Luciano Huck: Mas você acha que, depois de tudo que estamos passando, o mundo vai levar mais a sério os avisos da ciência sobre as ameaças climáticas e as suas consequências para a vida na Terra?

Rutger Bregman: As crises fazem isso. As crises te fazem perceber coisas que você sempre soube, mas que, por algum motivo, esqueceu. Um dos momentos que eu achei mais interessantes na pandemia foi nas primeiras semanas, quando os governos ao redor do mundo estavam definindo as listas dos chamados trabalhadores essenciais, que não podiam parar. Eu achei isso ótimo. Porque você olha para essas listas e descobre quais são os trabalhos realmente importantes na sociedade. Nessas listas estavam enfermeiras, coletores de lixo, professores... Um momento como esse te faz perguntar quem são os verdadeiros geradores de riqueza na nossa economia. Será que é verdade que toda a riqueza é gerada no topo e goteja para baixo? Ou será que a maior parte da riqueza é gerada embaixo, pelas pessoas que realizam os trabalhos de verdade?

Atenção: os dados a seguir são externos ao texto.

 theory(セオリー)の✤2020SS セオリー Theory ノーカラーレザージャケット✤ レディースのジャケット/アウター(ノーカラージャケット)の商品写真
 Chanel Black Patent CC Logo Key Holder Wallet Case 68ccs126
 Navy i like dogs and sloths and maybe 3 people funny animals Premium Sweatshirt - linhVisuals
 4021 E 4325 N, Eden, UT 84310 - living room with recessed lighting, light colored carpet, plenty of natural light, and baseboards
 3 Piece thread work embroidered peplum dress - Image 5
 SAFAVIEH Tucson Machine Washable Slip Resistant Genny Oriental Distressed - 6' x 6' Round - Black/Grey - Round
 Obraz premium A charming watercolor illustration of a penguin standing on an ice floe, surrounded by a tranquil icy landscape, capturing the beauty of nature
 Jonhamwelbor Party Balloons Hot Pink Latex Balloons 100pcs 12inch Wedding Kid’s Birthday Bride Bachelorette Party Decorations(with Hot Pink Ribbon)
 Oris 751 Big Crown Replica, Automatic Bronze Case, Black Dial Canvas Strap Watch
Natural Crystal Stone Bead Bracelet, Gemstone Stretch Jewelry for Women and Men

“Todo marco histórico da civilização começou com uma utopia, com uma ideia considerada irracional”Rutger Bregman

Luciano Huck: Você assistiu esse novo documentário na Netflix, Dilema das Redes? Ele faz importantes alertas. Mostra que são jovens que programam as redes sociais que estão intensamente influenciando e pautando o mundo. São eles também que dominam os algoritmos mais poderosos da internet. Em sua enorme maioria, porém, eles estão pouco conectados aos problemas da vida real, do debate público e político.

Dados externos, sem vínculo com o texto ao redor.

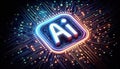 AI concept with computer processor, Artificial Intelligence for the future, Advanced Mobile Microprocessor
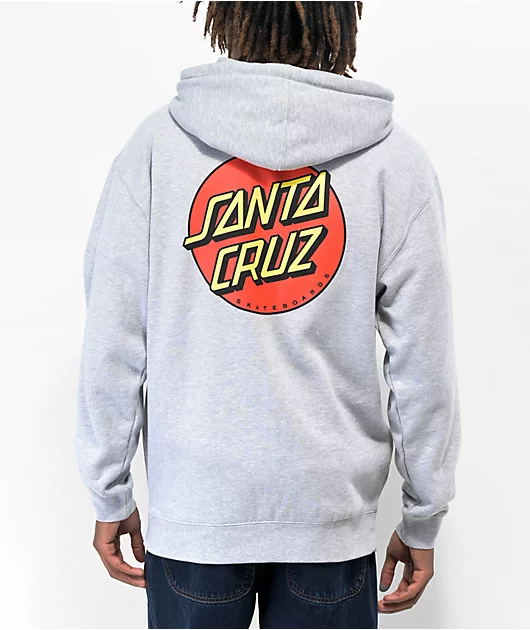 Santa Cruz Classic Dot Grey Zip Hoodie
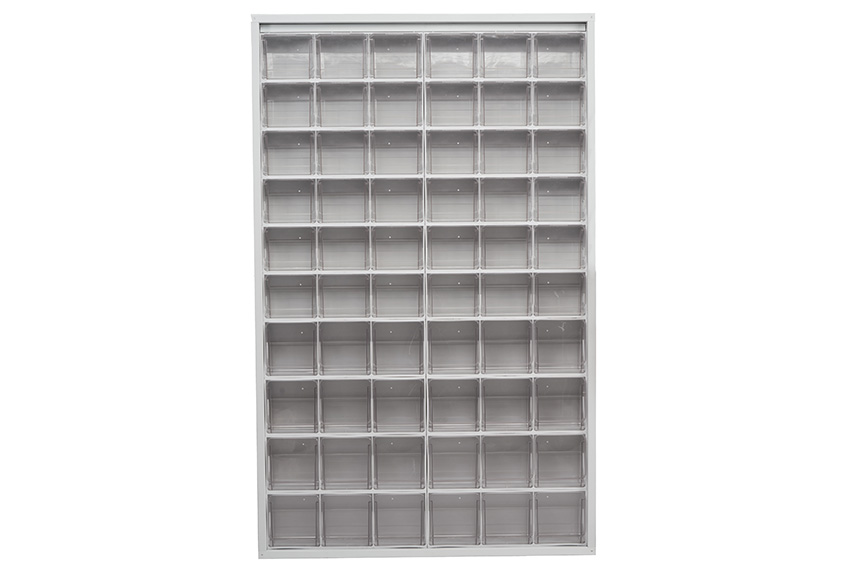 Armoire murale en métal incl. 60 pcs Crystal box blocs-tiroirs basculants - 1260x250x2000mm 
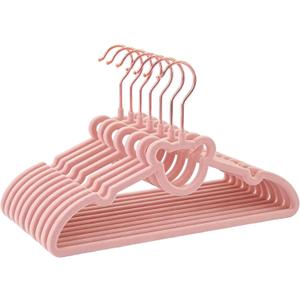60 Pack Pink Velvet Kids Clothes Hangers - 12.6in for Ages 4-10, with Cute Bear, Rotating Rose Gold Hook, Non-Slip, Space-Saving Slim Felt Hangers for Toddler Coats, Jackets, Dresses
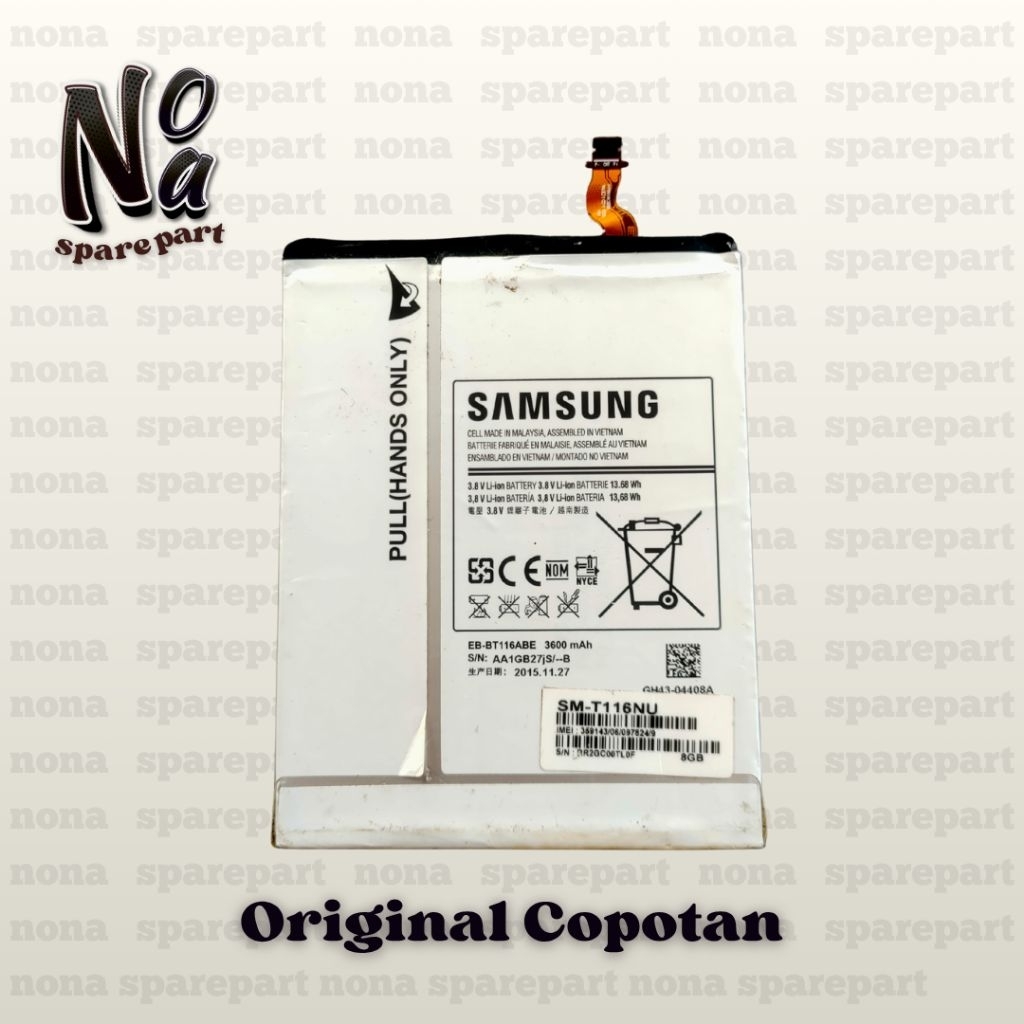 Baterai Batre Baterai Samsung Galaxy Tab 3V TIII Tab 3 Lite Ori Copotan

Rutger Bregman: Tem uma citação ótima de alguém que trabalhou muito tempo no Facebook: “As melhores cabeças da minha geração estão pensando em como fazer as pessoas clicarem em anúncios”. Você tem essas pessoas muito inteligentes que estudaram nas melhores universidades, e nós pagamos caro pela educação brilhante deles, mas então eles se formam e vão trabalhar nesses empregos estúpidos. Eles fazem isso por 20 anos, ficam muito ricos e daí têm uma crise da meia idade. Ficam completamente deprimidos porque a alma deles foi destruída. E então eles decidem que querem se tornar professores... Ué, por que não fizeram isso lá atrás? É algo muito estranho. Dentro disso que nós chamamos de economia do conhecimento, tem muito conhecimento desnecessário. Talvez precisemos voltar para a escola e pensar no que estávamos fazendo antes de alguém dizer que tínhamos que ganhar a vida.

Luciano Huck: Reduzir desigualdades, gerar oportunidades e mobilidade social sem ser um jogo de soma-zero. Quanto mais eu mergulho nas ideias mais modernas de políticas públicas, mais eu acredito que seja possível. Na minha opinião, esse devia ser o maior legado da nossa geração. O que me preocupa são os recursos humanos, as melhores sinapses se dedicando a servir a um propósito, o que não acontece hoje. Ainda prevalece o velho cada um por si. Mesmo se reunirmos todos os filantropos do Brasil, eles não seriam capaz de mover o medidor das desigualdade. Só o Estado tem esse poder. E o Estado é gerido pela política. Por isso nós precisamos de bons políticos, precisamos formar novas lideranças. Como você vê essa necessidade de novas lideranças ocuparem os espaços da política?

Rutger Bregman: Primeiro eu quero dizer algo sobre a filantropia. Eu não sou contra a filantropia. Se as pessoas são ricas e querem dar dinheiro para boas causas, isso é ótimo. O que eu sou contra é quando as pessoas ricas dizem que não precisam pagar impostos porque já estão dando dinheiro para as causas. A filantropia é usada como uma distração: as pessoas fazem um projeto qualquer para ajudar a educação, vão nos seus iates particulares para algum país africano, tiram um monte de fotos para mostrar que estão amparando as pessoas de lá e, ao mesmo tempo, evadem seus impostos. É isso que eu sou contra. Primeiro pague seus impostos, depois você me conta dos seus planos de salvar o mundo.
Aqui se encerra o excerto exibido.